Now let's take the graph of f(a+b). It is the graph on the right side. Just by looking, you would notice that f(a+b) is same as f(a) + f(b). Therefore, this graph(function, system) is linear.

 

 

 

As an example, let's take we have a function as follows.

 

f(x) = 2 x

 

Is this a linear function ? Let's see if this meets the principle of superposition, i.e, f(a+b) = f(a) + f(b). Let's assume a = 3, b = 2.

 

Then what is f(a) ? It is f(3) = 2 * 3 = 6

what is f(b) ? It is f(2) = 2 * 2 = 4

Then what is f(a+b) ? It is f(2+3) = f(5) = 5 * 2 = 10.

Is f(a+b) = f(a) + f(b) ? Yes, it is because f(3+2) = f(3) + f(2) = 6 + 4 = 10.

Does this satisfy the principle of superposition ? (In strict mathematics, you cannot prove it with just single. You have to prove this is true for any numbers... try all different values as 'a' and 'b' and check if it still works -:). But intuitively, you can say "Yes, it satisfy the principle of superposition, so this function is a linear'.

 

If the explanation above is not clear to you, it would be clearer if you look at an example in which f(a+b) is not the same as f(a)+f(b). Following is an example.

Look at the function graph in this case. It is not the straight line, it is a path kinked at one point (or you can draw a curved line as the function).

Now look at the upper graph on left side first. If you plug a value 'a' (in thick blue line)' into the function. you will get the output of the function as f(a) (in thick red line).

Now look at the bottom graph on left side first. If you plug a value 'b' (in thick green line)' into the function. yoe will get the output of the function as f(b) (in thick black line).

Now let's take the graph of f(a+b). It is the graph on the right side. Just by looking, you would notice that f(a+b) is not same as f(a) + f(b). Therefore, this graph(function, system) is not linear.

 

 

As an example, let's take we have a function as follows.

 

f(x) = x^2

 

Is this a linear function ? Let's see if this meets the principle of superposition, i.e, f(a+b) = f(a) + f(b). Let's assume a = 3, b = 2.

 

Then what is f(a) ? It is f(3) = 3^2 = 9

what is f(b) ? It is f(2) = 2^2 = 4

Then what is f(a+b) ? It is f(2+3) = f(5) = 5^2 = 25.

Is f(a+b) = f(a) + f(b) ? No, it is because f(3+2) is 25 but f(3) + f(2) = 9 + 4 = 13.

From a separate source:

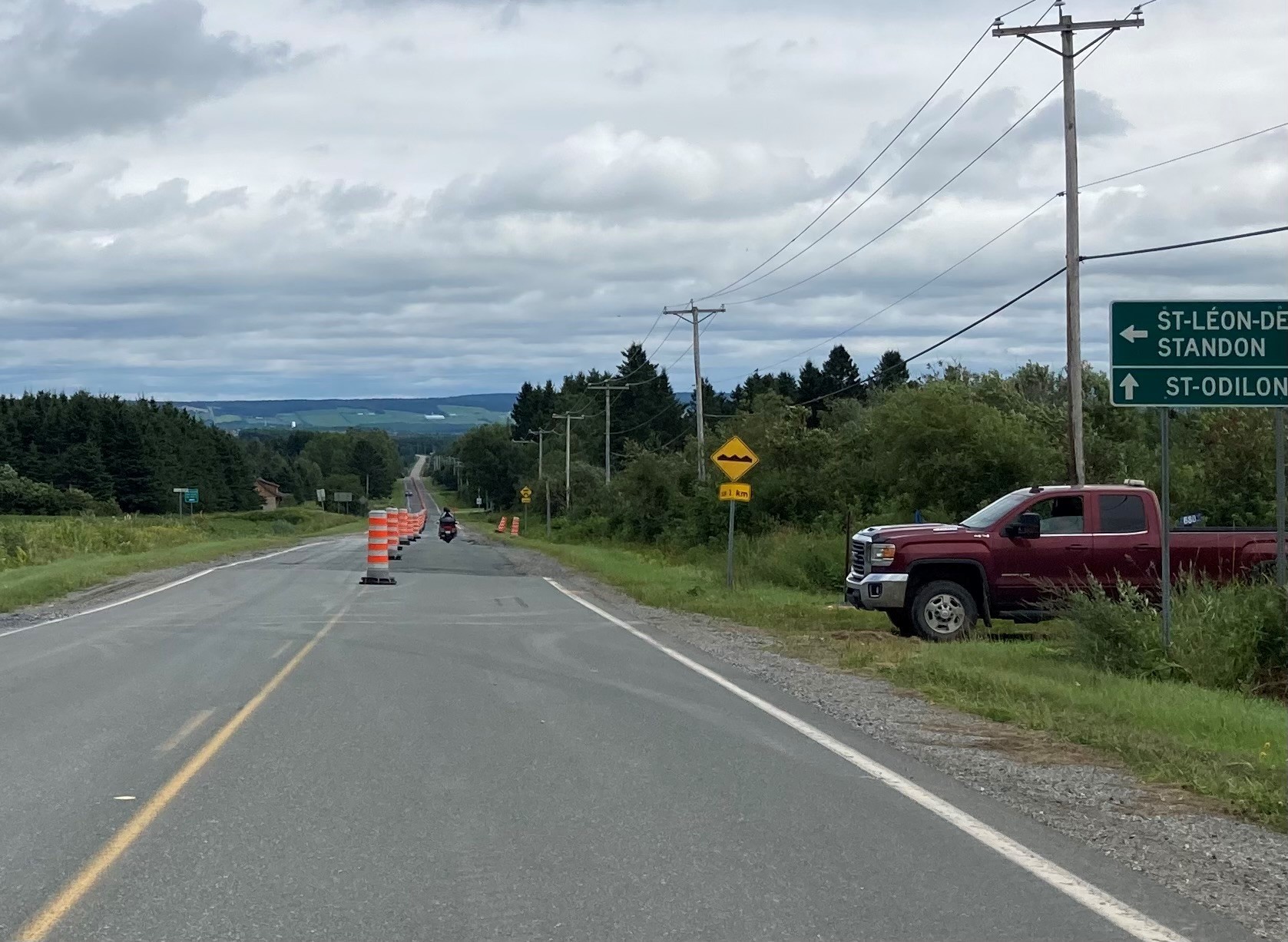 Route 275 début de la dernière phase des travaux Beauce Média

Does this satisfy the principle of superposition ? No. So it is not a linear

 

I hope you have the general concept of linearity by now. But I think practically more important question would be "Why the Linearity is so important ?", "Why we have to care about linearity ?".

 

It is important because in linear system, once you have an output for any specific input, you can figure out all other outputs without doing real test.

 

For example, let's assume that you have a linear system and you know the outout of the system when you put '1' as an input is '2', i.e f(1) = 2 and somebody ask you to get the output when the input is 5, meaning that he wants to get 'f(5)'. In this case, by the principle of superposition you can rewrite the f(5) as follows.

 

f(5) = f(1) + f(1) + f(1) + f(1) + f(1)

 

Since you already know the value of f(1) = 2, you can get f(5) as follows without doing any test.

 

f(5) = f(1) + f(1) + f(1) + f(1) + f(1) = 2 + 2 + 2 + 2+ 2 = 10

 

You would see later that we usually indentify the characteristics of any linear system by what we call 'impulse response'. Once you have the impulse response of the system, you can figure out the output of the system for any input by using the impulse response. This is possible only when the system is Linear.